Here’s why. Ratings are falling across the board for local news as audiences turn toward social media to learn about breaking stories. This trend is being felt not just in Southern California, but nationwide. The Pew Research Center cited that the average weekday newspaper circulation fell 7 percent in 2016, the most in six years. This drop was due entirely to print circulation, which declined by 9 percent, while digital circulation increased by only 2 percent.
The Pew Research Center also noted that local TV newscasts experienced a nationwide drop in viewership in all timeslots during the same time period. What’s more, the audience for local TV tends to be older, which means that their market will ultimately age out.
Exacerbating the demise of local news is the ability for stations to provide multiple channels within their FCC license. Take CW6 for instance. The station lost its affiliate relationship to KFMB that will now operate two separate stations — CBS on 8.1 and a new CW channel on 8.3 — in addition to their MeTV programs on 8.2 utilizing essentially the same infrastructure system. News programming for all these stations will come from the same source. KPBS is doing the same, operating four different stations within their Channel 15 license.
You can expect more of this in the years to come, and it will accelerate as networks struggle with keeping affiliates happy while offering their programming directly to consumers via online streaming services. Since local stations will no longer have exclusive rights to their content, I predict that the CBSs, NBCs and ABCs of the world will attempt to appease the relationships by releasing them from the obligation to stand up an expensive — and often unprofitable — news department.
I would not at all be surprised if San Diego sees its television news options cut in half to as little as three by the late 2020s. Though other stations may continue to utilize a news format, their content will be almost exclusively advertorial driven.
What this means for organizations seeking to generate awareness with local audiences is a re-commitment to “being their own broadcaster.” Blog pages on corporate sites will need to be “supersized” into dynamic, entertaining, educational, non-promotional content complete with video segments. Distribution will come from social media, email and strategic pay-per-click initiatives.
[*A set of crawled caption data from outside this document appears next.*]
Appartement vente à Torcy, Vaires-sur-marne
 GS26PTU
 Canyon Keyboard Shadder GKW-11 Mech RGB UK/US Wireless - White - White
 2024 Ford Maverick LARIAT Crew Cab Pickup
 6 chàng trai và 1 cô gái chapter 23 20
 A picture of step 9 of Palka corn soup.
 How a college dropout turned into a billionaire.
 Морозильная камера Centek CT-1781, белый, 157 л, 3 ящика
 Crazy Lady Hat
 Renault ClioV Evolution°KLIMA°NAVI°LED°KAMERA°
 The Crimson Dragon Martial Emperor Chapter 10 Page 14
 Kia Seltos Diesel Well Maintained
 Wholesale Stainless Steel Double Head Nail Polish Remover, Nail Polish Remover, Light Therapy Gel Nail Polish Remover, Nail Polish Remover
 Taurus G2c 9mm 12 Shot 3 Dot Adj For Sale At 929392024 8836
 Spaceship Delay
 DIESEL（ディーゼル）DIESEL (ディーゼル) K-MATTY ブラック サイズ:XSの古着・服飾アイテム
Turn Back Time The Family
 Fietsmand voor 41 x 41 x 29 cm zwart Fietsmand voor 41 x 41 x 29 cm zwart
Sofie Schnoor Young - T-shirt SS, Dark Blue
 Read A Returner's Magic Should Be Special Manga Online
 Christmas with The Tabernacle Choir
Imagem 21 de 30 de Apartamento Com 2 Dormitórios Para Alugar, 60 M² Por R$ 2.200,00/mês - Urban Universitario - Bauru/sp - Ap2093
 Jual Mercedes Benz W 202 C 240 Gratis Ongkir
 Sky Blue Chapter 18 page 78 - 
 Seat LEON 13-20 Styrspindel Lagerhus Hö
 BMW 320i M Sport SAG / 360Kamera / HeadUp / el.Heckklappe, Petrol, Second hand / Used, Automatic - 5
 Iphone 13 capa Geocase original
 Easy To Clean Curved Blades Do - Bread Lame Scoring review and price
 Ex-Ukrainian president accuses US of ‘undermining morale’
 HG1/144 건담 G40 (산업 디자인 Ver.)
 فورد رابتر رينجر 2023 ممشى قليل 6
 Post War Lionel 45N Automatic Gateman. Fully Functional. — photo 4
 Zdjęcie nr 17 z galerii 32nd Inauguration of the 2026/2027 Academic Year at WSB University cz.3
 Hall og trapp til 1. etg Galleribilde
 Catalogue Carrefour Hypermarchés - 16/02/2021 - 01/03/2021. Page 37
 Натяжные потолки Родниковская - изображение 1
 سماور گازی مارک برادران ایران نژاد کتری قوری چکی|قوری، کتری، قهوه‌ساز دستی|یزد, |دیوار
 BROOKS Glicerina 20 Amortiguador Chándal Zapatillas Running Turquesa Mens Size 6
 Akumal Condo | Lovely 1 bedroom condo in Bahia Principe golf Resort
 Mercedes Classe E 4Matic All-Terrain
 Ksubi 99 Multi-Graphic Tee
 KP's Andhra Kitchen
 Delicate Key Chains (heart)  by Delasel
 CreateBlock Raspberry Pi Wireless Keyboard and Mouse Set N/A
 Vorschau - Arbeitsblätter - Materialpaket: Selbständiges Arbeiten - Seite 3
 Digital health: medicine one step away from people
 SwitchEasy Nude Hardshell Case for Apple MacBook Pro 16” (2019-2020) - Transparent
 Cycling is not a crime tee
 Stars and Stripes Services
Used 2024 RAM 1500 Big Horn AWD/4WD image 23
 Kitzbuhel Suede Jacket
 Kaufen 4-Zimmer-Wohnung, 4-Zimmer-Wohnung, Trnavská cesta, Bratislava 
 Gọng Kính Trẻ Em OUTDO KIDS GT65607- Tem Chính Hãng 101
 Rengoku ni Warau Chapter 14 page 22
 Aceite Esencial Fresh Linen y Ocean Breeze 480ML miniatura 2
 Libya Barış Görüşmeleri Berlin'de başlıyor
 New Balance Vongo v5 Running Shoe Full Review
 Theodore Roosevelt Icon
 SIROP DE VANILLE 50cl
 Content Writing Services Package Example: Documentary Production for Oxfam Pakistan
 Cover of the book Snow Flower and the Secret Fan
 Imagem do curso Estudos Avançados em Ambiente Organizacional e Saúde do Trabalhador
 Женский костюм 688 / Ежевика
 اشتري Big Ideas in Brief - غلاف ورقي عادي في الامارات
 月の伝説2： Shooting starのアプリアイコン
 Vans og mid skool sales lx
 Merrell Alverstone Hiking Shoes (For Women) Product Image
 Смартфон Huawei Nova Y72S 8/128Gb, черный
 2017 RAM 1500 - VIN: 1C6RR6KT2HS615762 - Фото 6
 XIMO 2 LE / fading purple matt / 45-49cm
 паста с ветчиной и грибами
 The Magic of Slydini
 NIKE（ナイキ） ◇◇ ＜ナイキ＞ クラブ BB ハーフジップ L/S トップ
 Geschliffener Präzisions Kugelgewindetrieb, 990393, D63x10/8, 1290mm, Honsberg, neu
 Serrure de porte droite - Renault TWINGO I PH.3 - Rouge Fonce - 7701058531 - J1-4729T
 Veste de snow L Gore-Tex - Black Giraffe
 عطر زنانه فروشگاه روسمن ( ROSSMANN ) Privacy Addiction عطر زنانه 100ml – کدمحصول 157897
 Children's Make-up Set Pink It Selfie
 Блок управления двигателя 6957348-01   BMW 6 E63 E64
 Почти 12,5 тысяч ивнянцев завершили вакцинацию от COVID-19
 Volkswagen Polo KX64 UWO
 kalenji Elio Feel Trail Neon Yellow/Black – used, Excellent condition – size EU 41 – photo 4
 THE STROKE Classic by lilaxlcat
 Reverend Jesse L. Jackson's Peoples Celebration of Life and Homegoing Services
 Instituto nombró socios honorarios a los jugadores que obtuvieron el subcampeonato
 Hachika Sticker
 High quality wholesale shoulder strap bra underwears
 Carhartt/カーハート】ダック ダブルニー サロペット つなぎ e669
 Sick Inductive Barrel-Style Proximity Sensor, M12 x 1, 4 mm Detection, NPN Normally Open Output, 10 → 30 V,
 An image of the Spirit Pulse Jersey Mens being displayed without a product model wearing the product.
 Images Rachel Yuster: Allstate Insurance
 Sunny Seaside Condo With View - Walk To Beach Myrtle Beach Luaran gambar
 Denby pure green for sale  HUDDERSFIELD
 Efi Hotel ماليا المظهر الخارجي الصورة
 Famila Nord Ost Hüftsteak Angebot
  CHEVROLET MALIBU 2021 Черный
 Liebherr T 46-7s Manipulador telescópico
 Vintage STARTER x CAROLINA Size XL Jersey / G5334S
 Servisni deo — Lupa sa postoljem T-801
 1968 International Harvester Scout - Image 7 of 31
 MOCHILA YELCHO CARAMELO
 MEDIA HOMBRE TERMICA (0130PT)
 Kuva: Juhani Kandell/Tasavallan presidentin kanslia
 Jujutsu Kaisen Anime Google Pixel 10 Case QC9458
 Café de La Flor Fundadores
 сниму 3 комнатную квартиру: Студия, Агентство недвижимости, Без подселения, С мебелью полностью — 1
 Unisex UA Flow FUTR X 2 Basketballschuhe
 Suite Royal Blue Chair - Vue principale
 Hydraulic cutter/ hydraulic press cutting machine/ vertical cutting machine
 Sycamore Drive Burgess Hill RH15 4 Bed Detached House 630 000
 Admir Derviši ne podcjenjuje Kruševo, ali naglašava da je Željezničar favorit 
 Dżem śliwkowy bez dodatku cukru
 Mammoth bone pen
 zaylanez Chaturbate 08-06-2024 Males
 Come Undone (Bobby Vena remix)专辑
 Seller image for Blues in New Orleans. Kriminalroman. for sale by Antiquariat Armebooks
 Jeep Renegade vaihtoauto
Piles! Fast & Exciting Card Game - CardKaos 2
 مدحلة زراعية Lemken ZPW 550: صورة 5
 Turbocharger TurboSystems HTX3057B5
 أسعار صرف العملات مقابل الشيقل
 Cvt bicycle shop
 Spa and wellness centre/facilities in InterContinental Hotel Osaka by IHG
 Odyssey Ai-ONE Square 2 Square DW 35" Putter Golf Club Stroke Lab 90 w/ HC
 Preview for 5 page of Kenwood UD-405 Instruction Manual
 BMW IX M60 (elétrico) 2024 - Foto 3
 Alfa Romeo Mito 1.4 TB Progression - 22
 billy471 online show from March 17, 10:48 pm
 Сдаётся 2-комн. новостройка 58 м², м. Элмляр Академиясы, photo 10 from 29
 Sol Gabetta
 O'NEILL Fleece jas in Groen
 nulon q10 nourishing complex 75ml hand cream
Best of all, the cost to create this kind of station is nearly free or, at the very least, a minimal expense. Gone are the days when buying an expensive camera and editing equipment was required to put together a regular stream of programming.
If done right, the results can be overwhelmingly positive. That’s because while their reach will be less than the total TV audience they used to target, the quality of their audience and ability to engage them will be far greater than ever before. In return, companies could see an even better return on their marketing investment.
So while we mourn the passing of one of the quality news stations in town, we should not lose sight of the opportunities this presents to organizations looking to generate good buzz.